Severe bushfires are occurring more often than ever before, both in Australia and around the world. As global warming produces more droughts and high fire danger weather conditions, these bushfires are expected to become even more frequent and intense.
Fires release huge quantities of stored carbon, and this carbon might not be re-sequestered because the regrowth of vegetation is prevented by ongoing drought conditions or by human intervention. Burnt and damaged vegetation and communities, such as forests, take hundreds of years to recover.
Deforestation fires are occurring on a massive scale throughout regions of the world and have been estimated to account for approximately 20% of anthropogenic greenhouse gas emissions. Landscape fires thus have the potential to further accelerate global warming, driving more serious fires.
Negative effects of fire:
Severe bushfires have the potential to produce numerous economic, social and environmental impacts, which can range from short-term inconveniences to long-term life-changing impacts. While it is easy to observe the negative impacts typically found within the economic and social categories, the environment generally requires bushfires to remain healthy and support the rich diversity of flora and fauna.
Fire can have an impact on native animals through injury and loss of habitat. In most cases, populations will not be affected because native animals from surrounding areas will recolonise a burnt area after a fire. When the distribution of a species is limited, or the species is listed as vulnerable or endangered, a significant fire event can impact these populations.
Animals escaping fire:
Native animals can escape fire by fleeing to ‘unburnt islands’ within a burn area or to surrounding unburnt vegetation. Insects, reptiles and small mammals may be able to hide underground, and animals that live in trees can move to treetops and escape low-to-moderate intensity fires.
Birds are least impacted by fire as they can fly away, but chicks and eggs can be impacted depending upon the season of the fire.
The impact of prescribed burning on native wildlife is carefully considered during fire planning and detailed in environmental impact assessments.
Animals injured by a fire may only be rescued and cared for by licensed rehabilitation organisations or individuals. This is because: injured animals can be dangerous to handle injured animals may cause them further stress and fire-affected areas can be unsafe.
Depending on the temperature of the fire, the effect on soil can occur at the biological, chemical or physical level. A proportion of soil nutrients and chemicals is removed from the site by the fire directly through the transfer of gases, particulate matter and ash to the atmosphere in the form of smoke. In addition, soil can be removed from a site once the fire has been extinguished through the erosive processes of wind or rain. In some cases, severe bushfires induce water repellency within the soil, making it even more susceptible to erosion.
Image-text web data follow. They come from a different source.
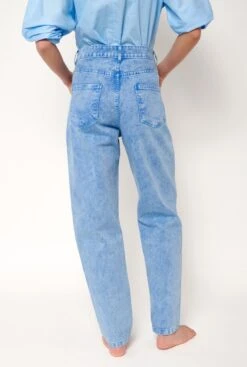 Kate Jeans -Es Fascinante kate jeans trousers la folie 625149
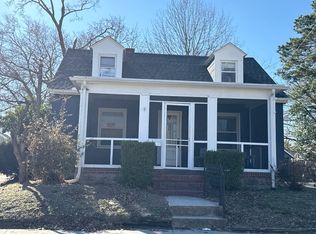 138 Truitt St, Salisbury, MD 21804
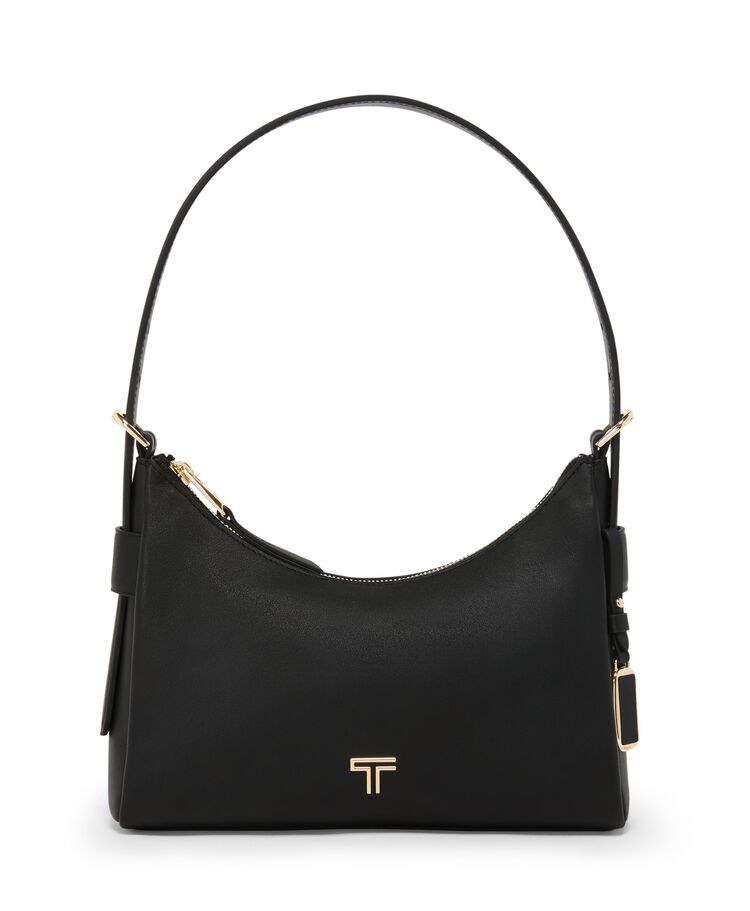 VOYAGEUR EVORA SHOULDER BAG hi-res | TUMI
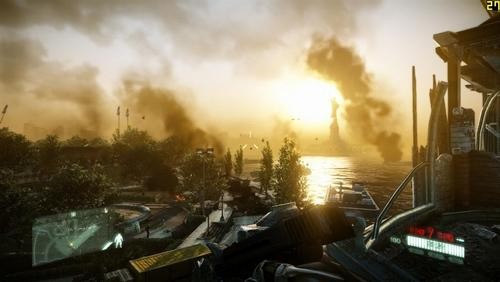 与APU再续前缘——惠普APU本测试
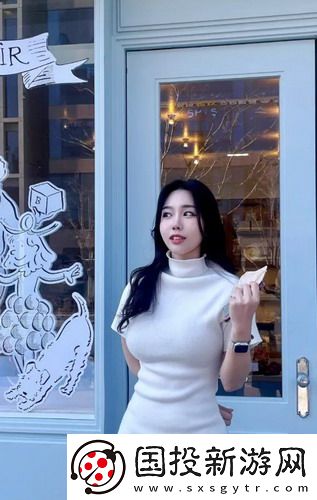 免費(fèi)成都人高清影院品牌加盟高清推薦版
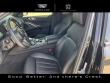 2022 BMW X6 M50i SUV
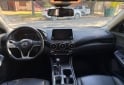 Autos - Nissan SENTRA SR 2020 Nafta 89300Km - En Venta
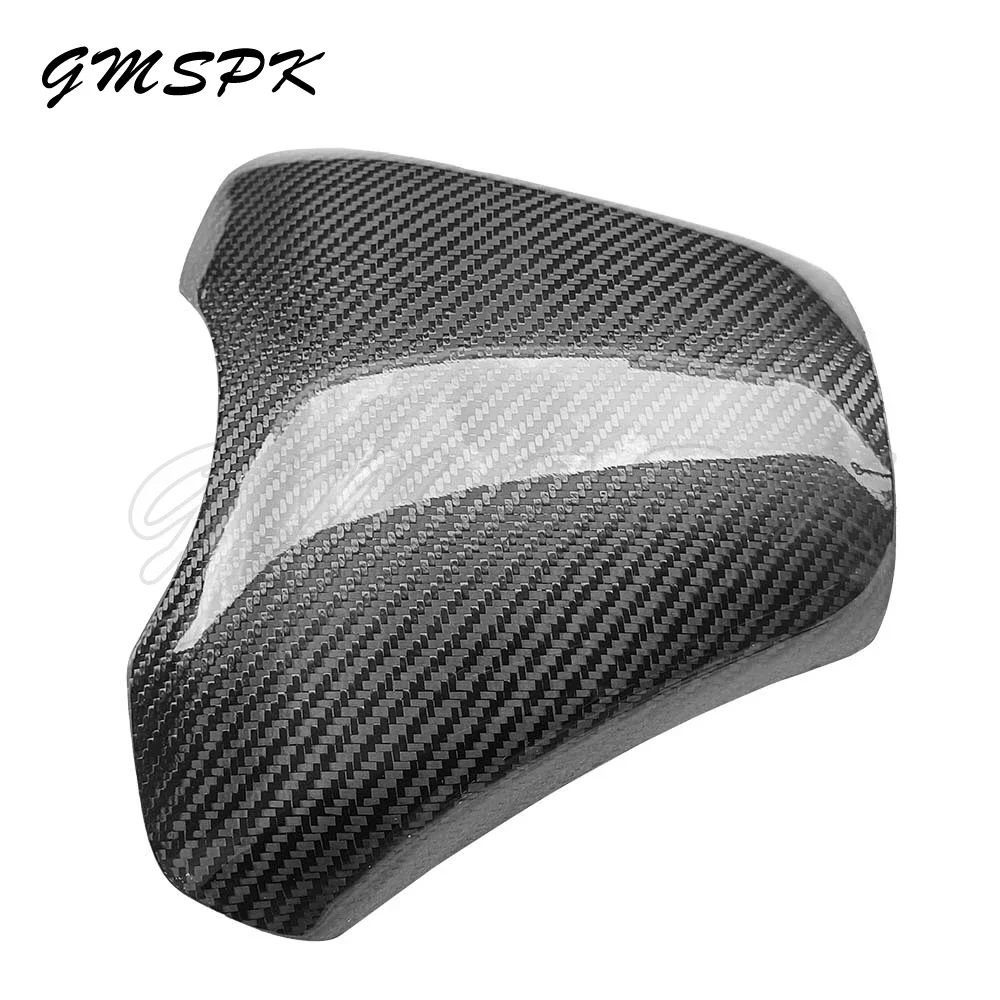 Рисунок 3 - Защитный чехол из настоящего углеродного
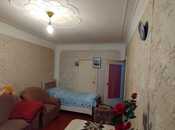 Продаётся 3-комн. вторичка 72 м², photo 6 from 8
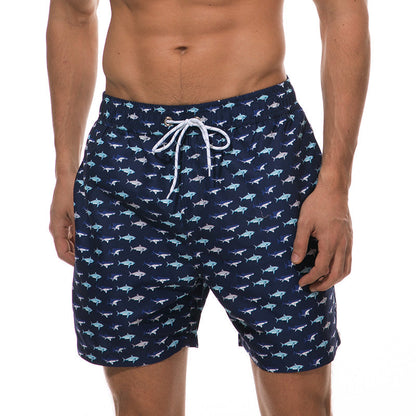 Clifford – Badeshorts für Herren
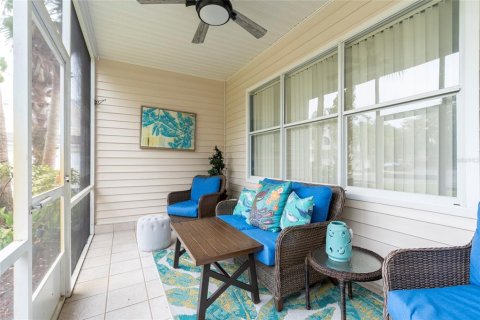 Condo in Orlando, Florida, 3 bedrooms  № 1531130 - photo 23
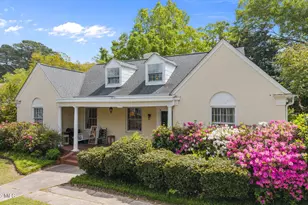 1608 E 5th St, Greenville, NC 27858 - Photo 2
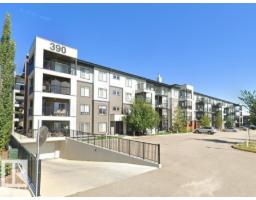 #332 390 Windermere Rd Nw Windermere, Edmonton, Ca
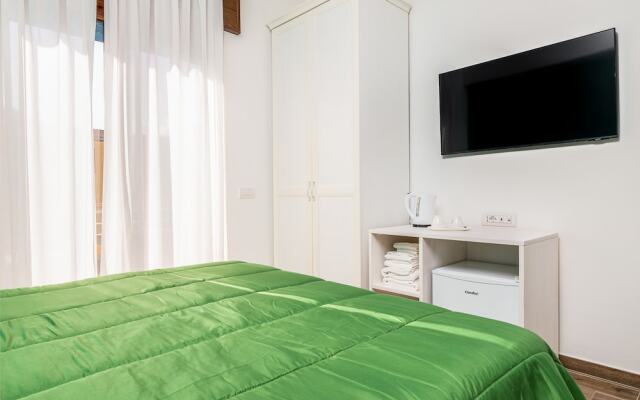 Amore&Psiche - De Vivo Realty Sorrento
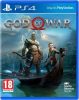 Ps4 God of War használt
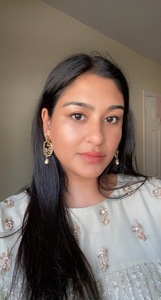 Zainab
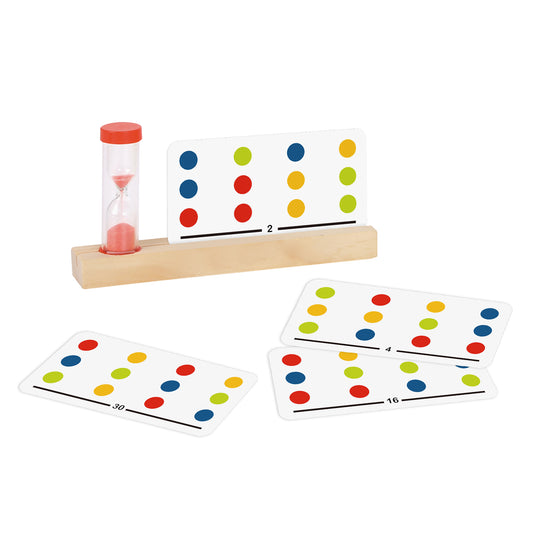 Juego de lógica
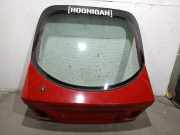 Hintert?r MR496068 Mitsubishi CARISMA (DA_) 1.8 GDI (DA2A)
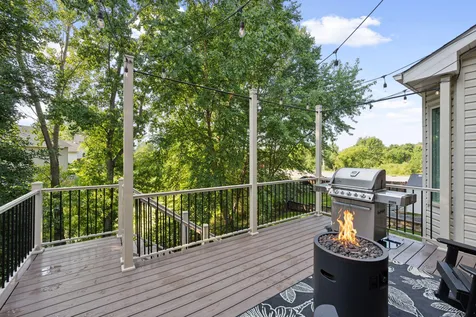 12954 194th Lane NW Elk River MN 55330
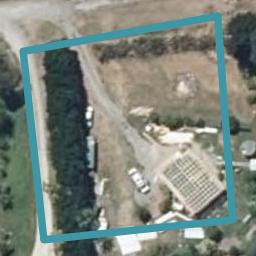 1180A Rangiotu Road, Rangiotu, Palmerston North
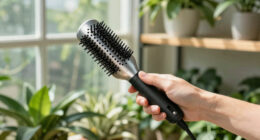 9 Best Dual-Ended Hair Tools in 2026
The hydrology of a landscape and the resultant quality of watercourses are significantly affected by severe bushfires. The removal of the vegetation encourages large-scale erosion that eventually flows into streams and rivers, causing sedimentation of these waterways and a deterioration in water quality.
Even in areas where waterways have been severely impacted by large quantities of sediments, these sediments are typically flushed out over three to five years. On the catchment scale, the restoration of hydrological processes back to pre-fire conditions can take up to 150 years if a large proportion of the vegetation is removed, as growing trees require much more water than when they are mature.
The smoke produced from severe bushfires contains a number of chemicals, including plant nutrients. Nitrogen in particular is highly susceptible to being lost to the atmosphere, but is eventually returned to the soil through a number of processes, such as nitrogen fixation. Greenhouse gases (e.g. carbon dioxide and nitrogen oxides) CO2 emissions can be really high, causing issues for the environment and global warming.
Many Australian vegetative species have evolved to depend on fire for their ongoing survival, and therefore the persistence of whole ecological communities. In order to take full advantage of this element, plants have developed mechanisms that allow them to survive the initial fire front or reproduce once the fire has passed, which are: storing seed on the plant, storing seed in the soil, resprouting through lignotuberous buds (buds at the base of the tree), resprouting through epicormic buds (buds just under the bark) or spreading vegetatively through rhizomes (underground stems).
Fire can be seen as a positive element; however, if it is applied to the landscape outside its natural tolerances (e.g. too frequently or intense, not frequently or intense enough), then some species are in danger of becoming locally extinct.
In the event bushfires enter a natural landscape outside its natural tolerances, however, the impacts could also be adverse and long-lasting.